All will help, but the real issue is economics. The National Insurance Crime Bureau (, did a major study on copper theft. The study documented that the price of copper strongly correlates to the amount of copper theft; copper theft goes down when the price of copper goes down and theft goes up with the price goes up. This week copper hit a new multi-year low and the price has been going down for many months. Copper theft is going down, yet true, graphic stories about scrap metal theft remain in the press.

As for the proposed and current Michigan law and laws people are talking about in California and other places, Repressive Tlaib of Michigan, in a meeting with about 20 people once said that for Recycling Centers, "It would be onerous to have them issue checks for material". Rep Tlaib was right. She now says she wants checks (putting onerous conditions on Recycling Centers) and says "no criminal wants to sign the back of a check and cash it". Some Recycling Centers would have to issue 300-700+ checks a day for as little as $2.00 each. A law abiding person might then have to pay $5.00 to cash these checks, meaning these checks will make check cashing companies rich and it takes money away from the person that legally collects material for recycling.

A proposed part of the Michigan law would require an ATM that takes a photo of the seller getting the money, instead of a check for copper. If I were a prosecutor, I would want a photo of a person getting money, not a signature on a check that could be forged. As a prosecutor do I want to get a handwriting expert in court to prove the person got the money, or do I want a photo of the criminal getting the money? Also, as a prosecutor do I want to call a Recycling Center and have them email me a photo of a person getting his/her money and have it in a hour or less, or do I want to issue a subpoena to a bank to get a copy of a check with a possible forged signature, which could take days or weeks to get at a high cost of paperwork and time? Also a retired police Captain once said "Checks are 200 year old technology. We should be using new technology like ATMs that take photos to catch thieves, not 200 year old technology." Even "Homeland Security Today" (for Insight & Analysis for Government Decision Makers), once ran a release/story on the use of ATMs taking photos to catch metal theft thieves and be a deterrent-thieves do not want their photo taken. Also, issuing more checks would lead to more check fraud. Scanners and printers are cheap, so there would be more check fraud, leading to tens of thousands of dollars of theft.
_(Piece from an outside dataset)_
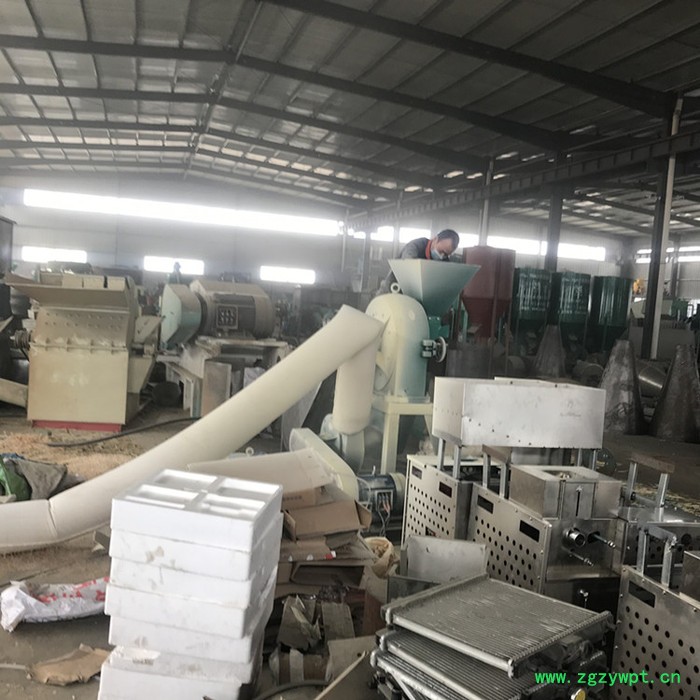 中药材磨粉机 黄豆脱皮破碎机 组合式碾米机 自吸齿盘粉碎机图4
Related, the current law already requires a signature by the seller at the transaction. In Detroit, the current law also requires a thumb print. Why would a second signature help as Rep Tlaib wants? Rep Tlaib also says "It's great for our law enforcement to have an address", implying that the new law requires this. The current law now requires a valid State or Federal ID with an address for the seller, to the sell material. No Photo ID, no transaction. The key here is a photo of the person getting money would help prosecutors, along with currently in the MI/Detroit law, which requires 1) a thumbprint, 2) a scan or copy of a State or Federal photo ID 3) signature; and add to the law 4) transactions need to be by ATM that take a photo of the seller getting his/her money and 5) a photo of the person and their material. The current law also requires a holding of certain material for a week. If I were a prosecutor do I want to have someone go through boxes of material, with hundreds or thousands items, or do I want a photo of the person with his/her material? I am sure that Rep Tlaib, is a hardworking representative of the people, but her idea that a second signature on a check and waiting three days for it, is not the answer.
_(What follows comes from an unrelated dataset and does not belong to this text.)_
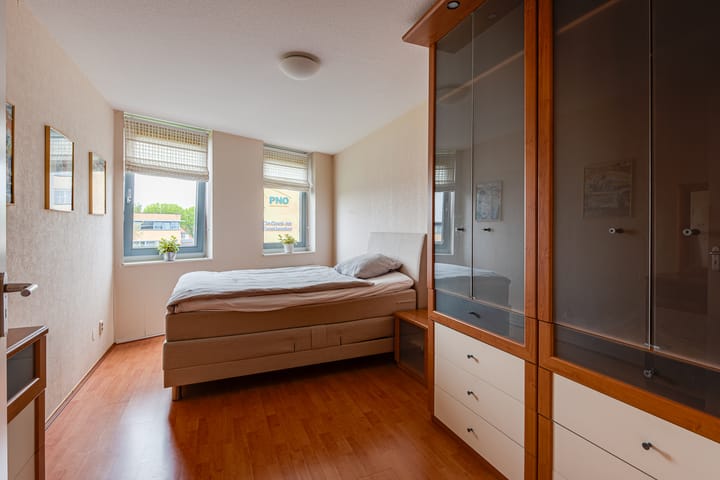 Foto 9 van Zenderstraat 64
Also, all are missing the key issue. Making copper, aluminum and steel requires the use of enormous amounts of energy. In this country, much of the energy used to make metal comes from power plants that use imported oil from the Middle East. Making new metal from recycled metal, instead of making it from mined raw materials, uses between 55-90 percent LESS energy. Recycling saves energy. Our thirst for imported oil helps fund terrorists that blow up our buildings, blow up our planes and kill our dedicated young soldiers. Recycling also creates many high wage jobs and middle wage (above minimum wage) jobs that have benefits like healthcare. We need more jobs in this country, not less which will be done by putting onerous (Rep Tlaib' s word) conditions on Recycling Centers. Lastly much of the material in this country that is collected for recycling goes to China—yes, export to China, not import from China. This is creating good high wage jobs in the U.S. with money coming from China. The old copper wire collected for recycling in Detroit, San Francisco, Dallas, Bakersfield, Raleigh, Miami, St. Louis and other places goes to China and comes back to the U.S. in iPhones, iPads and TVs.

We should be promoting recycling, not making it tougher for Recyclers to do business.